If it's interrupted or a provider call fails, just run the same command again —
completed items skip, failed ones retry, and nothing is double-paid.

## Step 4 — Grade

```bash
itemeval grade aime.yaml
```

The `numeric` scorer parses each stored solution's `ANSWER:` line and compares
it to the target. No LLM, no cost, instant. Results go to
`studies/aime_quickstart/gradings.parquet`; any solution whose answer could not
be parsed is kept and flagged (`parse_ok=false`), never silently dropped.
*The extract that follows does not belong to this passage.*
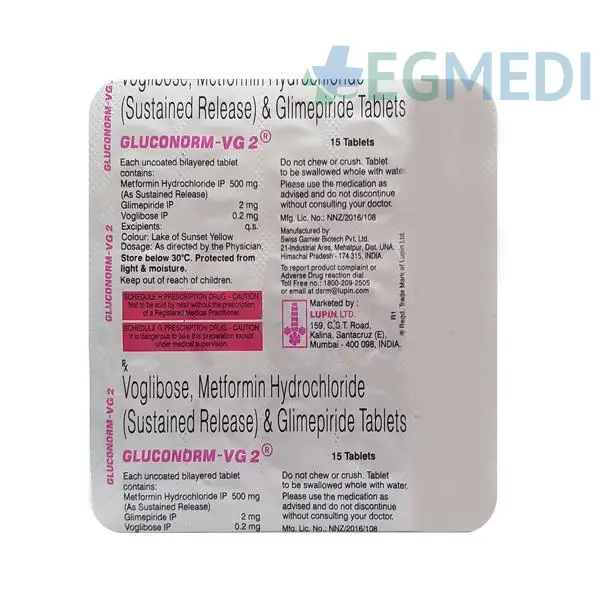 Gluconorm-VG 2 Tablet SR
## Step 5 — Export and look at your data

```bash
itemeval export aime.yaml
```

This writes the analysis-ready table and prints the spend summary:

- `studies/aime_quickstart/export/gradings_long.parquet` (+ a CSV mirror) —
  **one row per grading event**, 45 columns.
- `studies/aime_quickstart/export/ledger.csv` — the cost ledger.

Open it:

```python
import pandas as pd

df = pd.read_parquet("studies/aime_quickstart/export/gradings_long.parquet")
df[["item_id", "model", "score", "score_raw", "solution", "gen_usd"]]
```

Each row tells you, for one problem: the score (`1.0`/`0.0`), the raw value the
scorer extracted (`score_raw`), the full solution text, token counts, and what
that call cost. The aggregate accuracy is `df.score.mean()` — but the point of
itemeval is that you have the rows, not just the mean.

## Step 6 — Check the books

```bash
itemeval status aime.yaml
```

`status` shows the completion matrix (5/5 done), error/parse-failure counts,
and spend per stage. Run it any time; like `estimate`, it never calls a model.

## What just happened

- The dataset revision was **pinned** at first run (`dataset_locks.json`), and a
  **manifest** was written per run with template hashes, model ids, effective
  sampling params, and package versions — re-running the same config
  reproduces the same study ([Pipeline Concepts](Pipeline-Concepts.md)).
- Everything is **resumable**: re-run any command and completed work skips.
- Want more items? Raise `dev_items`, or switch `policy` —
  see [Tutorial 5](Tutorial-Budget-and-Scale.md) before scaling.

## Variations

- **Letter answers** (A/B/C/D): `scorer: multiple_choice` — your dataset's
  `input` column must already contain the choices.
- **String answers**: `scorer: exact_match`.
- **Free-form answers that need judgment**: you need an LLM judge —
  that's [Tutorial 2](Tutorial-LLM-Judge.md).